The main focus areas of my research include:
Using 3D bioprinting technology to develop tissue mimetic tumor models that can be used to study and optimize the effects of spatially fractionated radiotherapy (SFRT) approaches such as GRID, LATTICE, and PATHY.
Applying 3D bioprinted co-culture tumor models to investigate and optimize the use of SFRT techniques for immune priming. This is done using SFRT combined with immune checkpoint inhibition, radiosensitizers, and a pulsed treatment approach to overcome the treatment-induced evolutionary resistance of tumor cells.
Developing a transportable 3D cell culture platform for assessing 2D distributions of relative biological effectiveness of proton radiotherapy beams and emerging radiotherapy technologies such as FLASH.

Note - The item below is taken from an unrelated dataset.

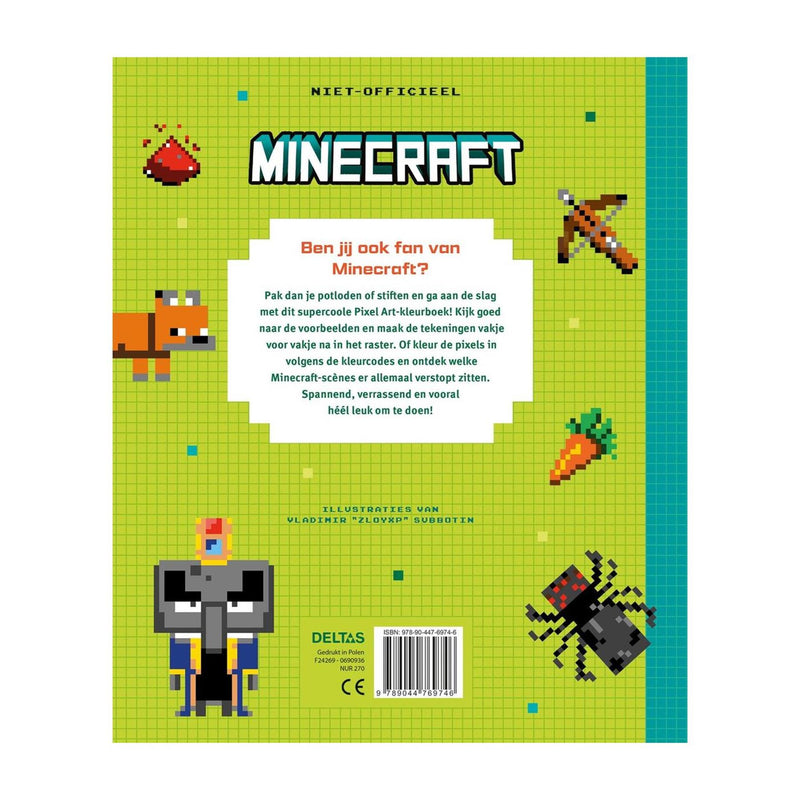 Afbeelding laden in galerijviewer, Deltas minecraft pixel kleurpret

Professor of Physics Torikachvili’s research is in experimental condensed matter physics, and his interest is the study of novel superconducting and magnetic materials. This study consists in searching for new materials and studying their structural, electronic, magnetic, and thermal properties. The materials investigated include magnetic superconductors, valence fluctuation, heavy fermion, and high temperature superconducting oxide compounds. His laboratory is equipped for the synthesis of single crystals using flux growth techniques, and studying them under extreme conditions of temperature (0.35 – 400 K), pressure (0 – 10 GPa), and magnetic field (0 – 9 T).
Gordon Shackelford works for the Department of Physics within the College of Sciences at the San Diego campus as a Emeritus Lecturer. He is a former Associate Dean at College of Sciences.
Dr. Usha Sinha is a medical and imaging physicist specializing in magnetic resonance imaging (MRI) and informatics. Her areas of interest include development of novel techniques for quantitative imaging including diffusion and relaxivity imaging, creation of quantitative brain and musculoskeletal atlases capturing structure and function, and application of atlases of normal populations to explore subtle differences in diseased conditions. She is presently focused on segmentation of brain tumors and cartilage, characterization of brain tumors for decision support, creation of cartilage atlases with application to early detection of structural changes in osteoarthritis, and white matter brain atlases to explore age related changes and dementia.